Now, they feel the loss of Titanic, and are less concerned with their grave-robbing pursuit of finding the necklace. As Bill Paxton’s Brock puts it in the film’s final moments: “Three years, I’ve thought of nothing except Titanic; but I never got it… I never let it in.” Yes, she’s a fictional character in a historical drama, but Old Rose effectively memorialises the real-life people who passed.
More than a vehicle for the explorers’ catharsis, 100-year-old Rose offers this same emotional closure for the audience. Her, and the movie’s, closing scene is arguably the most heartbreaking. The camera tracks across a series of framed photographs on her bedside table.
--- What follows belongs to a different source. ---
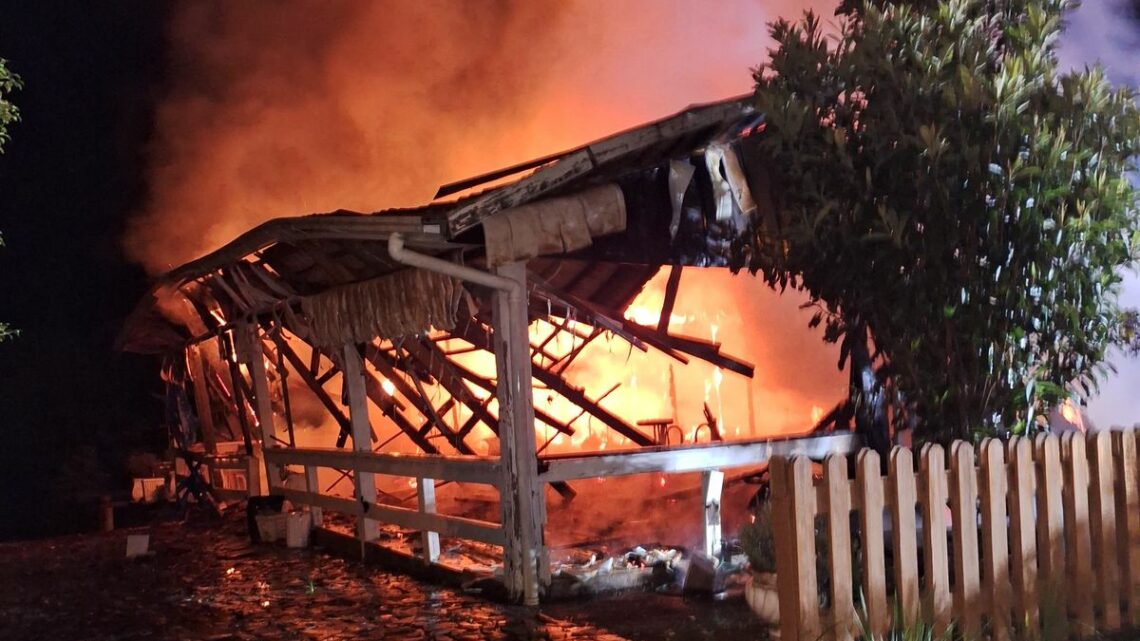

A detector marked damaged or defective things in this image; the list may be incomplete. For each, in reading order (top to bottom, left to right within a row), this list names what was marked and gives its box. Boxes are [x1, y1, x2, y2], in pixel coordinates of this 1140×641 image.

hanging burnt fabric [478, 182, 624, 266]
hanging burnt fabric [303, 269, 467, 349]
We see Rose, in her youth, leading a life of adventure: riding a horse, going to a funfair, showing off a fresh catch.
Each of these sepia-toned pictures refers to an activity she planned to do with Jack. It’s a perfect, bittersweet revelation – a further example of Cameron’s smart narrative payoffs. Despite Jack’s untimely death, Rose still lived out her days in the free-spirited way he encouraged her to. These snapshots demonstrate that she never let go of the promise she made him and, just as he envisioned for her, “die[s] an old lady, warm in her bed”. Old Rose anchors us in Titanic’s sweeping emotions. She ensures that our hearts will go on.